◆ WHAT IS BEING ASKED: Below are records with pictures in them. Output exactly the lines from the one with "What's important to" through the one with "Gradually the tube", both included, and leave every picture out; give only those lines.

◆ DATA PROVIDED:
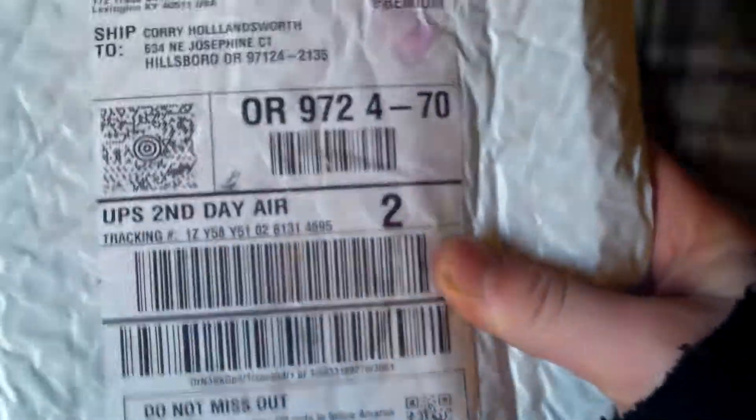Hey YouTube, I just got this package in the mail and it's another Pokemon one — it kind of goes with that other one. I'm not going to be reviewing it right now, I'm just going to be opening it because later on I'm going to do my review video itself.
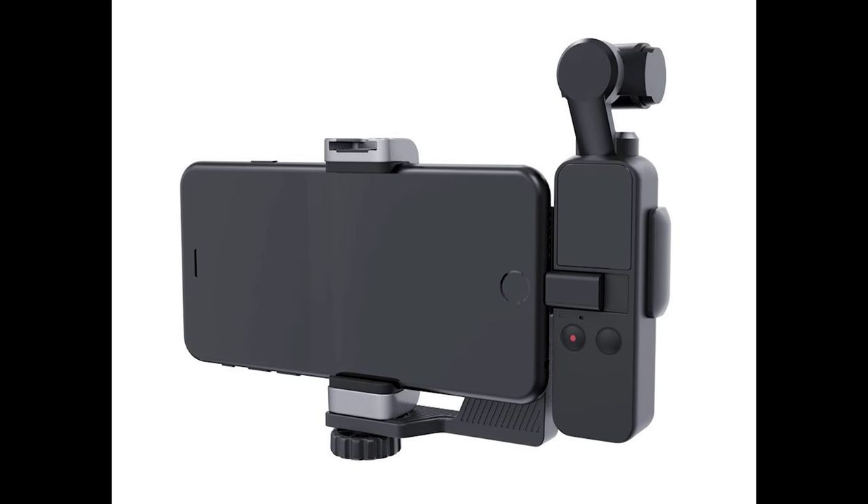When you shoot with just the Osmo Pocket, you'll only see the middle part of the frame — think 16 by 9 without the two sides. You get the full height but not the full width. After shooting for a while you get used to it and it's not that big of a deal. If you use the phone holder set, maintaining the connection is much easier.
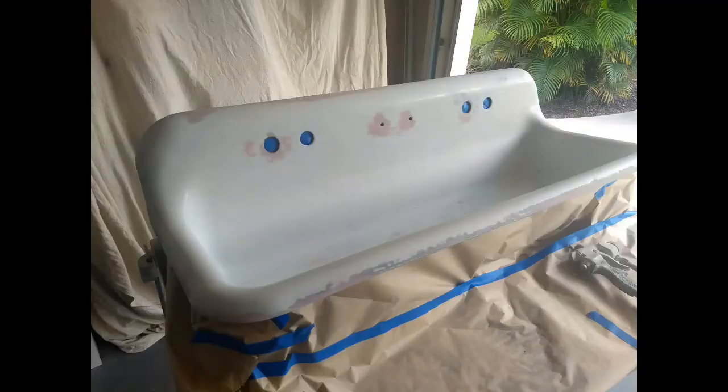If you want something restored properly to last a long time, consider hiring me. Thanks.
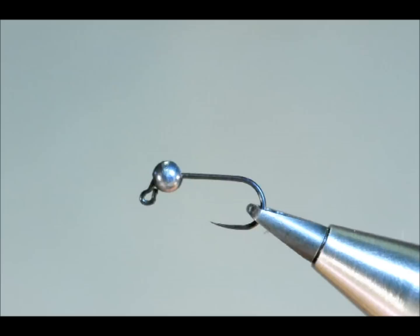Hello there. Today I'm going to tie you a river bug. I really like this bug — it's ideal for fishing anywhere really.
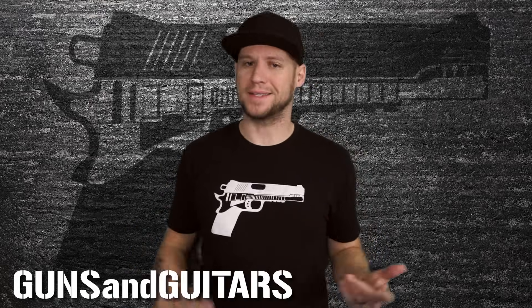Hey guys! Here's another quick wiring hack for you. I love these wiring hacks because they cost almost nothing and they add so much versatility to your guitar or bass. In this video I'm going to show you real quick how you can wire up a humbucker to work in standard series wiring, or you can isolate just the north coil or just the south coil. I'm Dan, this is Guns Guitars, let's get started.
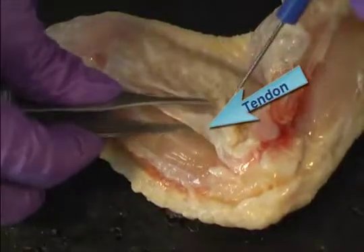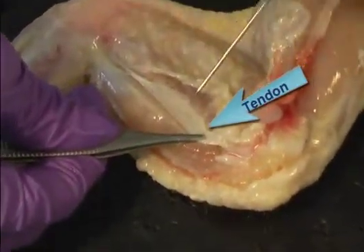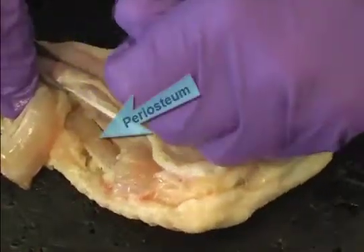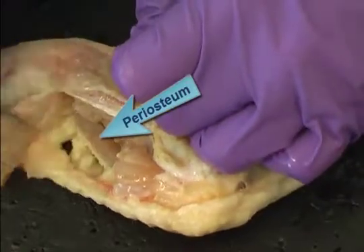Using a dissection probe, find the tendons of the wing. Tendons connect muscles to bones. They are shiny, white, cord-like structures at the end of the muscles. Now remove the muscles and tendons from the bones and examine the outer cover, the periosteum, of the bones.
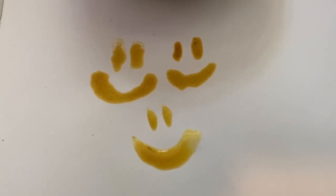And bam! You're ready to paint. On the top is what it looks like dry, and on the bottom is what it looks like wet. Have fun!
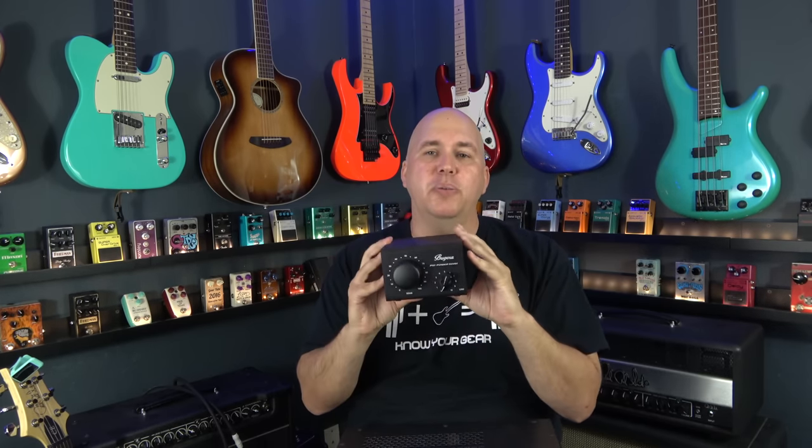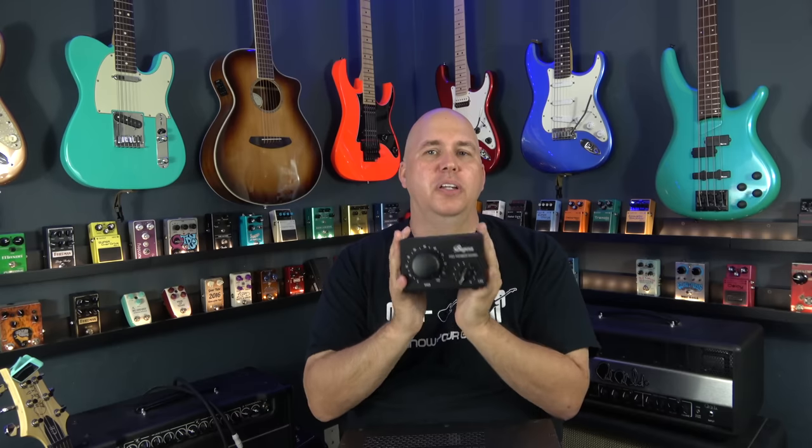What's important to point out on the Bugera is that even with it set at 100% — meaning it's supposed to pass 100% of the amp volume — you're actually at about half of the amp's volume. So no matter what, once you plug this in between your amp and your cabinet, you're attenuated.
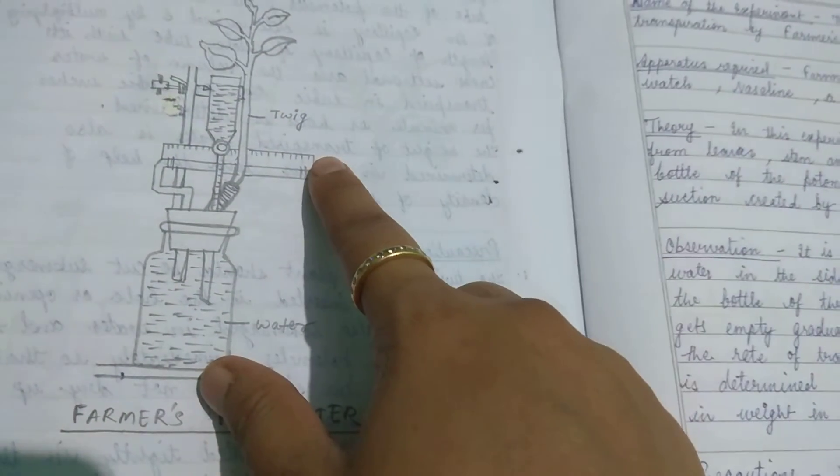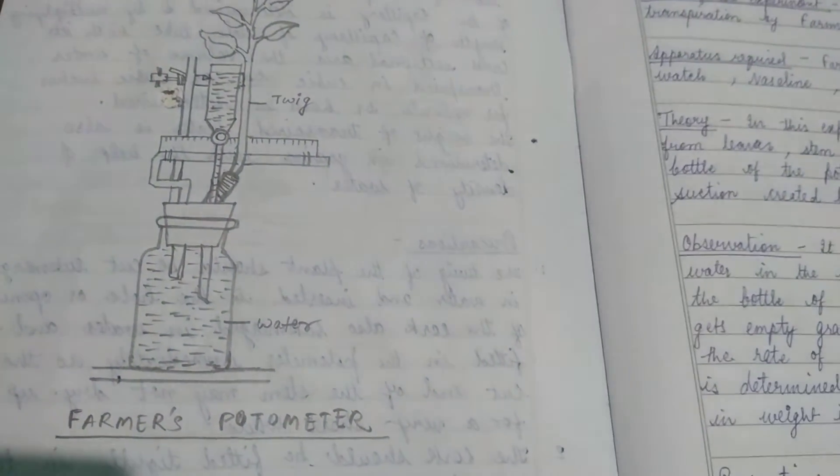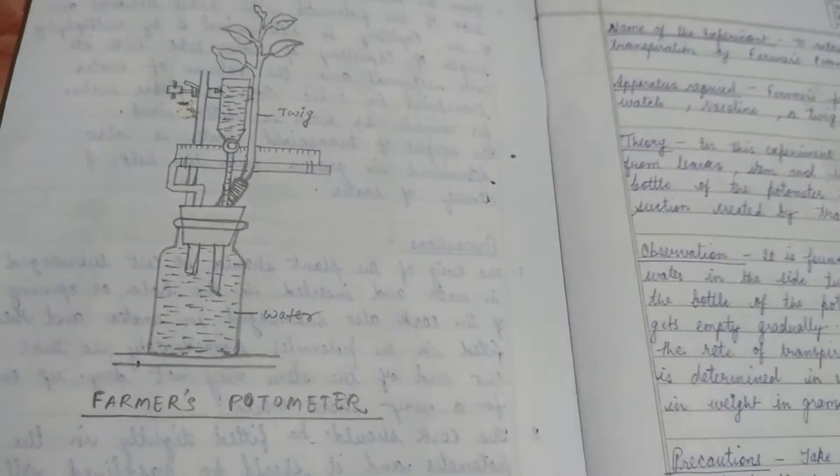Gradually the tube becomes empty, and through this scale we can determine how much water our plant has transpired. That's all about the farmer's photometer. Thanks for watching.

---

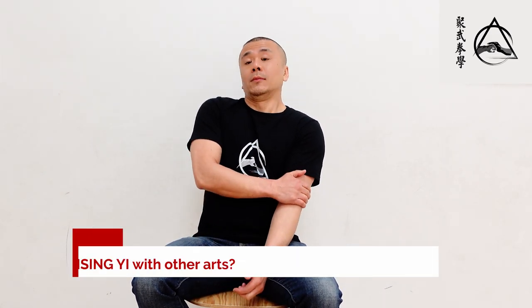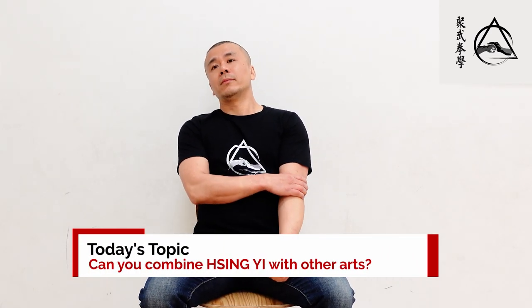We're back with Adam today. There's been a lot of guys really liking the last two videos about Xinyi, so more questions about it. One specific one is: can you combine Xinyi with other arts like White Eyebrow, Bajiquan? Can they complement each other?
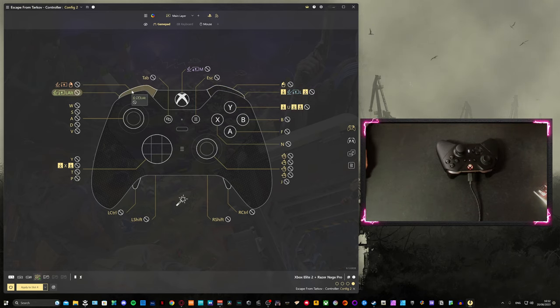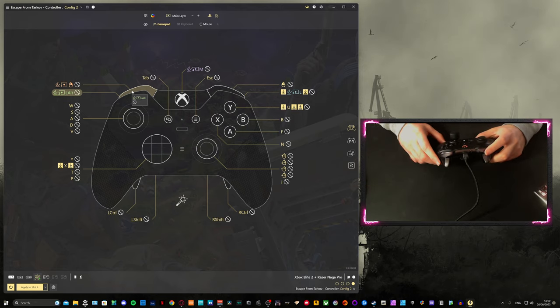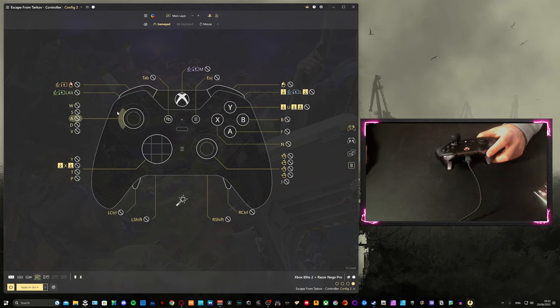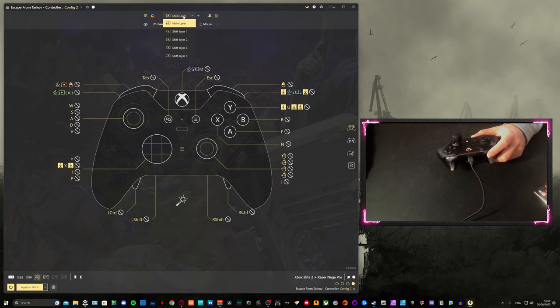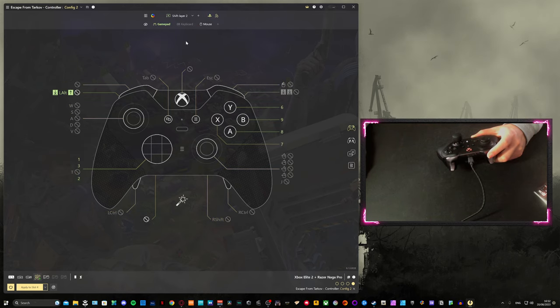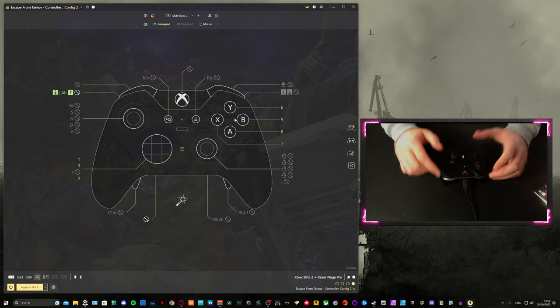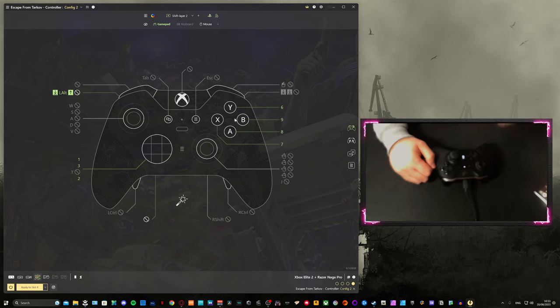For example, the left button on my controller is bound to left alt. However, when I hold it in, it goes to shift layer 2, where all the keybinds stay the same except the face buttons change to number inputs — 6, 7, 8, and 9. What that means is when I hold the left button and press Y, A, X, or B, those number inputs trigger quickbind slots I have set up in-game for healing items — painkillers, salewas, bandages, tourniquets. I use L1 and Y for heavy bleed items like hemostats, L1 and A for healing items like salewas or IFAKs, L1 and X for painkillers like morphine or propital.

* * *

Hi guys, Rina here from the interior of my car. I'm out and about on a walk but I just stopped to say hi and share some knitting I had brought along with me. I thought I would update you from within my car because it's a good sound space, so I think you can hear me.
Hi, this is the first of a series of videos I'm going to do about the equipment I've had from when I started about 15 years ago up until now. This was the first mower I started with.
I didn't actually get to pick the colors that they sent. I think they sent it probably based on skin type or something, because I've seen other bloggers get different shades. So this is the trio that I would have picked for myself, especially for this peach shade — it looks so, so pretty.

◆ SOLUTION:
What's important to point out on the Bugera is that even with it set at 100% — meaning it's supposed to pass 100% of the amp volume — you're actually at about half of the amp's volume. So no matter what, once you plug this in between your amp and your cabinet, you're attenuated.
Gradually the tube becomes empty, and through this scale we can determine how much water our plant has transpired. That's all about the farmer's photometer. Thanks for watching.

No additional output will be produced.